6. The Cayley graph of a free group of finite rank, with respect to a free generating set, is a tree on which the group acts freely, preserving the orientation. As a topological space (a one-dimensional simplicial complex), this Cayley graph $\Gamma(F)$ is contractible. For a finitely presented group $G$, the natural homomorphism defined above, $\varphi:F\to G$, defines a covering map of Cayley graphs $\varphi^*:\Gamma(F)\to\Gamma(G)$, in fact a universal covering. Hence, the fundamental group of the Cayley graph $\Gamma(G)$ is isomorphic to the kernel of $\varphi$, the normal subgroup of relations among the generators of $G$. The extreme case is when $G=\{e\}$, the trivial group, considered with as many generators as $F$, all of them trivial; the Cayley graph $\Gamma(G)$ is a bouquet of circles, and its fundamental group is $F$ itself.
7. Any subgroup of a free group, $H \subset F$, corresponds to a covering space of the bouquet of circles, namely to the Schreier coset graph of $F/H$. This can be used to give a topological proof of the Nielsen-Schreier theorem above.
8. The groupoid approach to these results, given in the work by P.J. Higgins below, is related to the use of covering spaces above. It allows more powerful results, for example on Grushko's theorem, and a normal form for the fundamental groupoid of a graph of groups. In this approach there is considerable use of free groupoids on a directed graph.
9. Grushko's theorem has the consequence that if a subset $B$ of a free group $F$ on n elements generates $F$ and has n elements, then $B$ generates $F$ freely.

== Free abelian group ==

The free abelian group on a set $S$ is defined via its universal property in the analogous way, with obvious modifications:
Consider a pair $(F,\varphi)$, where $F$ is an abelian group and $\varphi:S\to F$ is a function. $F$ is said to be the free abelian group on $S$ with respect to $\varphi$ if for any abelian group $G$ and any function $\psi:S\to G$, there exists a unique homomorphism $f:F\to G$ such that
$$f(\varphi(s))=\psi(s),\ \forall s\in S.$$

The free abelian group on $S$ can be explicitly identified as the free group $F(S)$ modulo the subgroup generated by its commutators, $[F(S),F(S)]$, i.e.
its abelianisation. In other words, the free abelian group on $S$ is the set of words that are distinguished only up to the order of letters.
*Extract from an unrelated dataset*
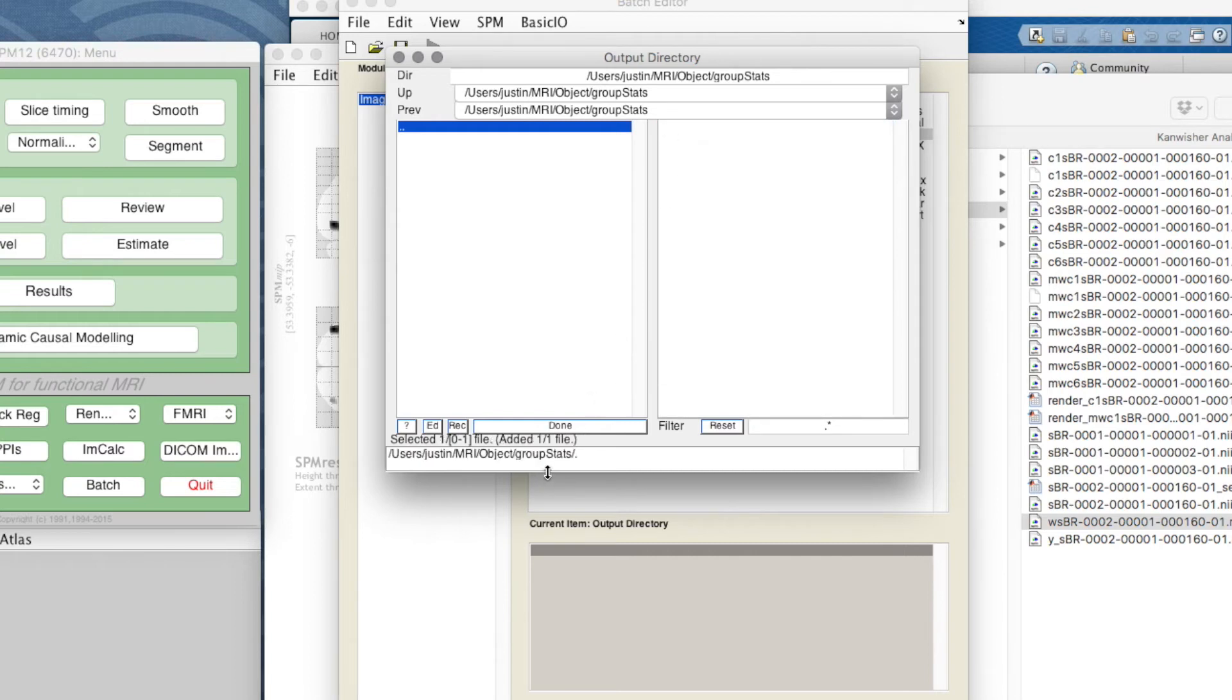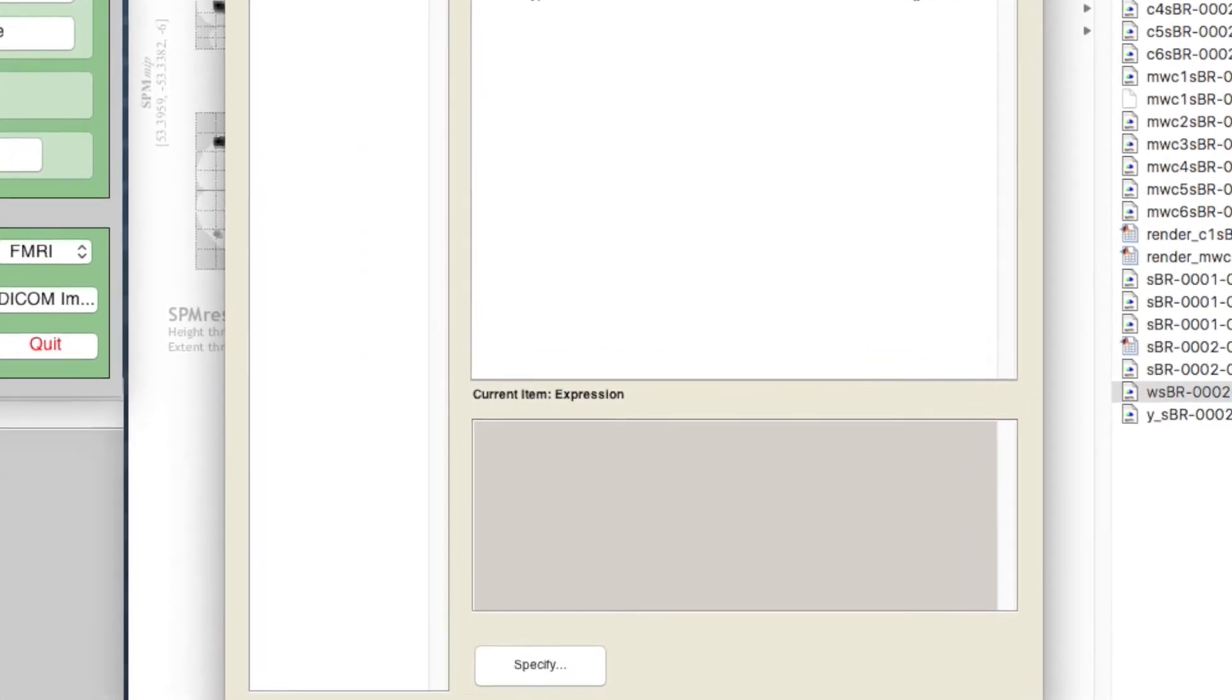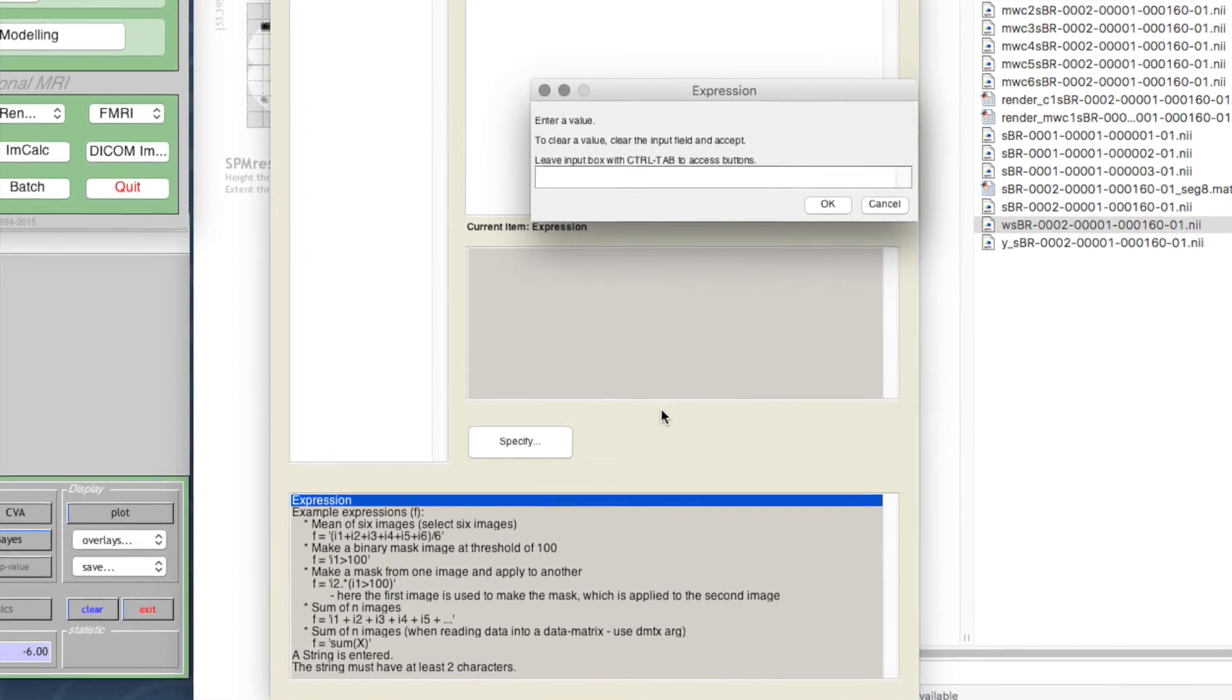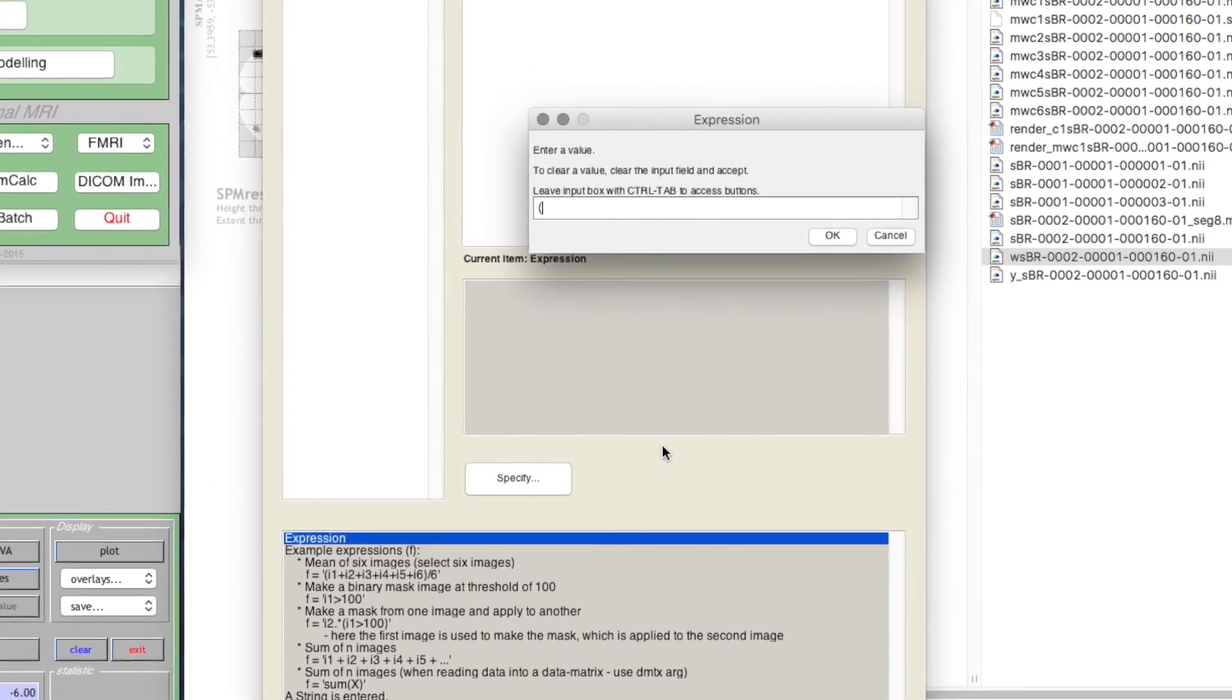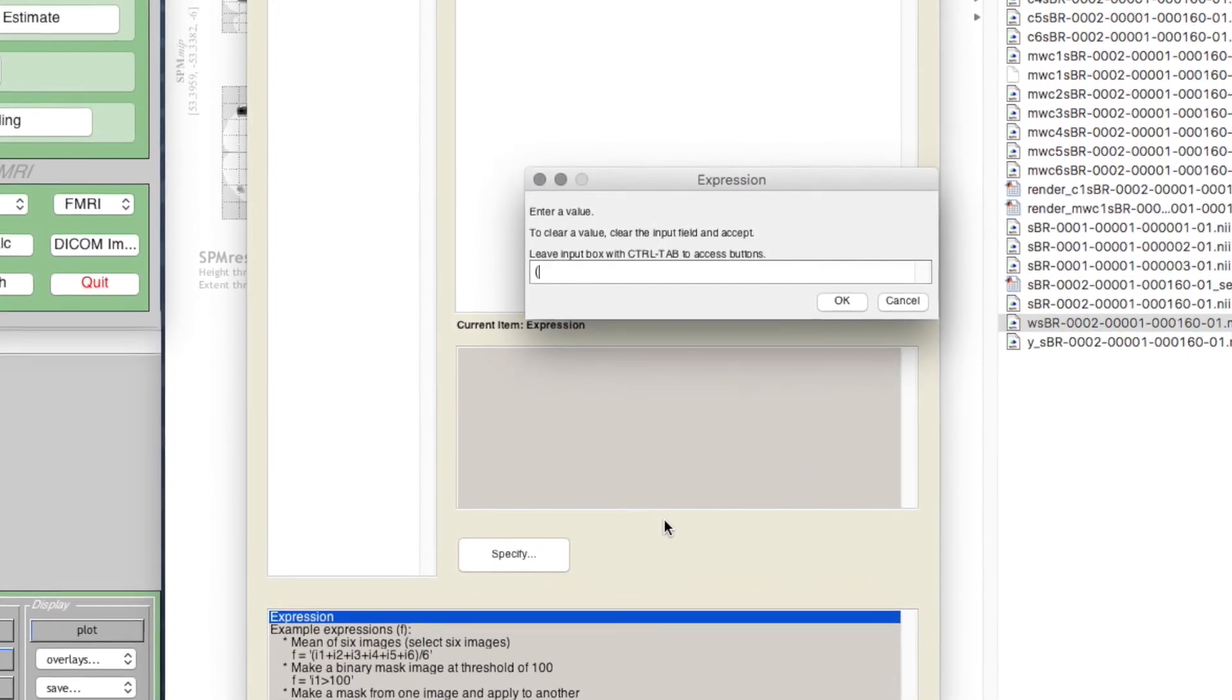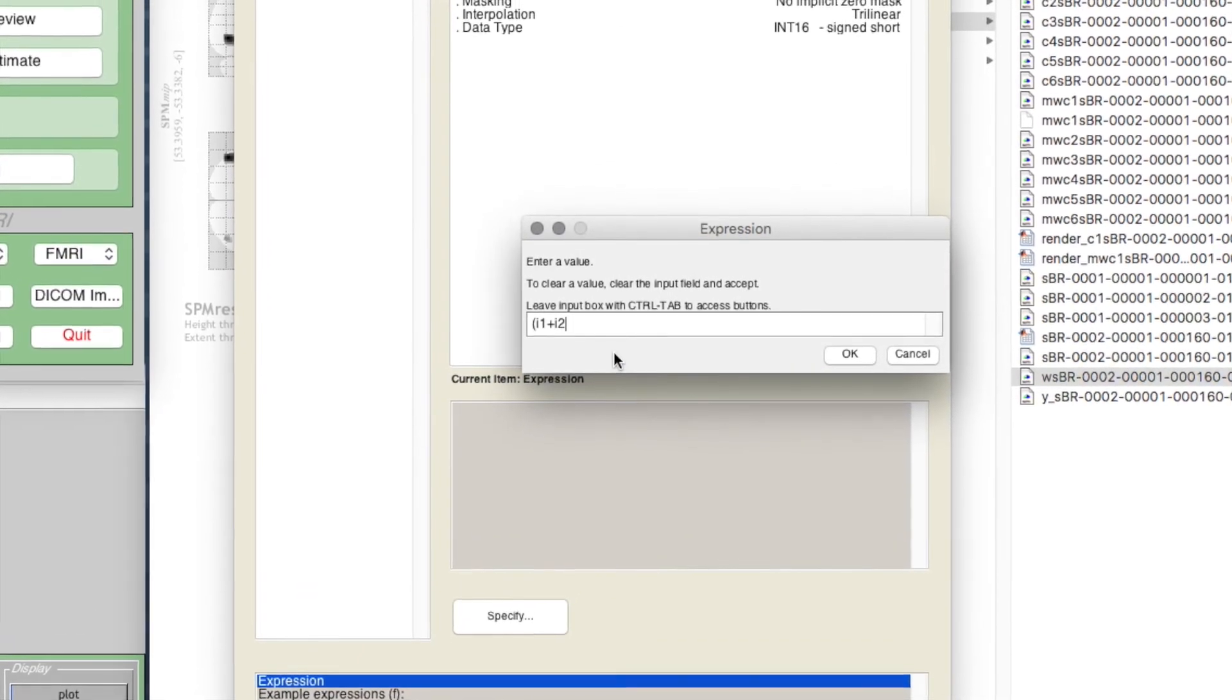Now we have the expression, which might seem intimidating, but it's actually very easy because we just look to the contextual help at the bottom and it gives lots of examples. I can specify the expression - this is just an evaluated MATLAB expression where the different images are i1, i2, i3, etc. To make a mean of the images, the example is given here: you could just put (i1 + i2 + i3 + i4 + i5) / 5.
The rank of a free group can therefore also be defined as the rank of its abelianisation as a free abelian group.

==Tarski's problems==
Around 1945, Alfred Tarski asked whether the free groups on two or more generators have the same first-order theory, and whether this theory is decidable. Sela (2006) answered the first question by showing that any two nonabelian free groups have the same first-order theory, and Kharlampovich & Myasnikov (2006) answered both questions, showing that this theory is decidable.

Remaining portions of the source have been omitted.